Però poi, nella prima repubblica, De Gasperi, Fanfani, Andreotti, Cossiga, Craxi, l’interesse nazionale l’hanno difeso. Anche per quello Tangentopoli fu organizzata, per distruggere una classe politica che sapeva tutelare l’Italia, e far posto a una nuova politica tecnocratica da un lato e post comunista dall’altro, che il senso della nazione non l’avevano mai coltivato, e che videro nell’adesione alla Ue un modo per sbarazzarsi finalmente della nostra nazione. Chi si oppose a questo progetto, Silvio Berlusconi, fu perseguitato in tutti i modi. E alla fine fu sconfitto.
Eppure di interesse nazionale bisogna parlare perché senza nazioni noi non esistiamo, essendo la nazione lo spazio in cui le persone possono agire in comunità. E, come ha scritto il politologo Stephen Walt di recente su “Foreign Policy”, non certo un organo nazionalista, il XXI secolo sarà più che mai quello delle nazioni. Perciò bisogna assolutamente leggere il voluminoso rapporto sull’interesse nazionale prodotto dalla Fondazione Fare Futuro (Italia 20.20. Rapporto sull’interesse nazionale, Roma, Fondazione Fare futuro, 25 euro). Perché il primo concreto e realistico pericolo è quello che sparisca non solo la nazione ma con lei anche gli italiani, come scrive nella sua introduzione il senatore Adolfo Urso. E crisi demografica da un lato e progetti di grand replacement con gli immigrati dall’altro (come esplicitamente teorizzato da un partito come più Europa favorevole alla sostituzione etnica) ci dicono questa ipotesi tutt’altro che peregrina.
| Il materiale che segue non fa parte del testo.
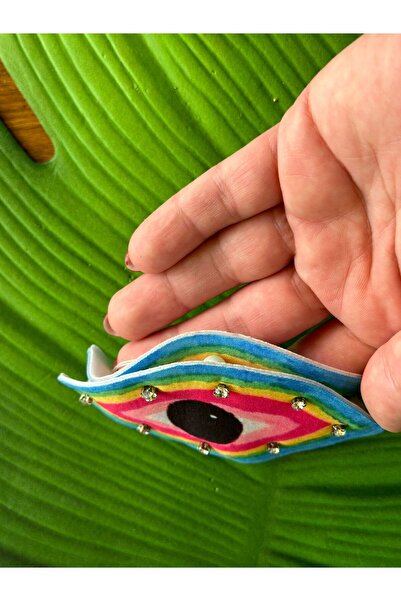 Gönülden Tasarım 11x6 Cm Taşlı Renkli Göz Arma Dikiş Aplike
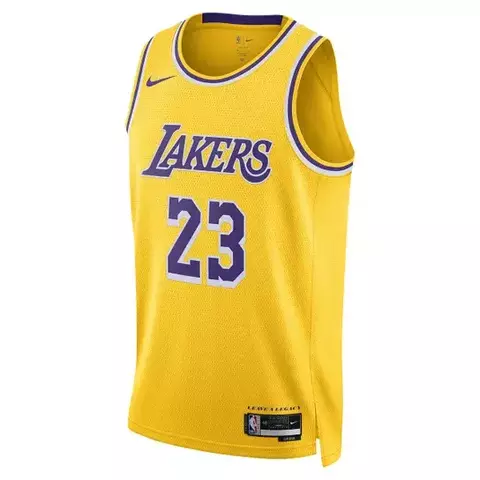 Camiseta Regata NBA Los Angeles Lakers #23 James - Icon Edition - Masculina Nike - Amarela [PROMO]
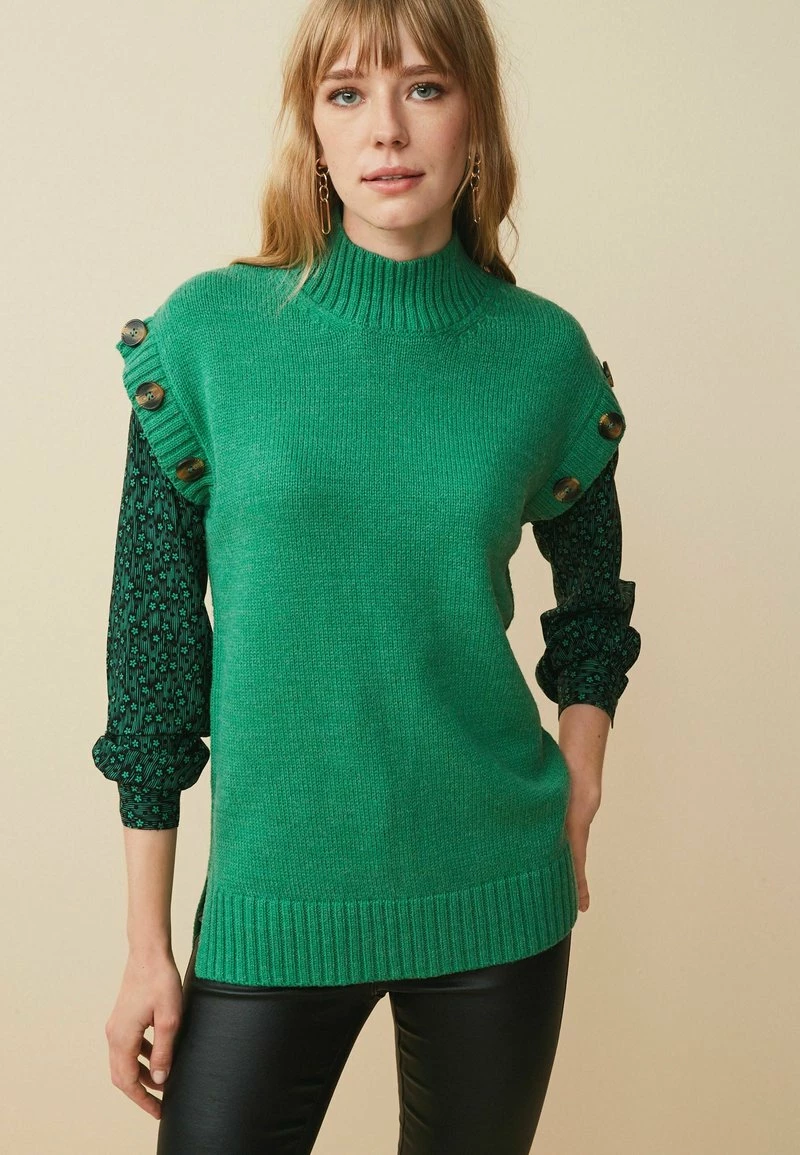 Next Damen Langarmshirt - Green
Dal presidente dell’Istat Gian Carlo Blangiardo all’ex ministro e ambasciatore Giulio Terzi di Sant’Agata, dal direttore del Tg2 Gennaro Sangiuliano, agli storici Giuseppe Parlato ed Ernesto Galli della Loggia, dal giurista Alessandro Mangia al generale Carlo Jean fino a Guido Crosetto, ognuno affronta, dal punto di vista delle proprie competenze e esperienze questo tema; come salvare l’Italia?
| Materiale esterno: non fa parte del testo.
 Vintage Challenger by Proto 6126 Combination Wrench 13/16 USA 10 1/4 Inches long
Senza nulla togliere ai numerosi autori mi soffermo solo su gli interventi di due Giuli, Sapelli e Tremonti, Il primo punta l’attenzione sulle ragioni del declino economico, di quella che negli anni Ottanta era la terza economia europea. Secondo Sapelli, l’Italia è crollata da un lato perché, attraverso un golpe tecnocratico e giudiziario, le privatizzazioni hanno distrutto un sistema che, al di là degli eccessi, era virtuoso. E poi perché, a cominciare dal cosiddetto divorzio tra Tesoro e Banca Italia, nel 1981, è stato imposto all’Italia un’adesione alla integrazione europea che non poteva non comprometterla. Volendo istituire un ideale tribunale della storia, alla barra secondo noi dovrebbero andare Beniamino Andreatta, Tommaso Padoa Schioppa e Carlo Azeglio Ciampi, in ordine di responsabilità. Ma al di là dei singoli casi, è una fetta sempre più ampia di classe politica e dirigente che, a partire dagli anni Settanta, comincia a non sentirsi più come nazionale e di fatto ad agire consapevolmente o inconsapevolmente a favore di altri paesi, soprattutto la Germania (a parte i comunisti che lavoravano per l’Urss). Il grimaldello ideologico con cui giustificare la sottomissione del paese fu la metafora del “vincolo esterno”, teorizzata dal governatore della Banca d’Italia, Menichella ma poi diffusa da Guido Carli, un personaggio troppo spesso monumentalizzato ma la cui attività andrebbe valutata assai criticamente.
L’a-nazionalità, se non proprio l’anti italianità , di un pezzo di classe politica e dirigente è il tema affrontato dall’altro Giulio, Tremonti che scrive delle diverse chiamate del straniero in Italia, la più clamorosa quella del governo Monti grazie a un presidente (post?) comunista come Napolitano. Oggi solo uno sprovveduto potrebbe pensare che gli eredi di Berlinguer, mai sentitisi italiani, e quelli di Andreatta, possano essere interessati a tutelare l’interesse nazionale, al di là delle parole. Quanto ai grillini, meglio stendere un velo pietoso. Compito, quello della difesa della nazione, che spetta perciò di diritto alle forze sovraniste. Che siano in grado di farlo, è però questione tutta aperta e da costruire: ma anche la lettura di questo volume potrebbe contribuire in parte a riempirla.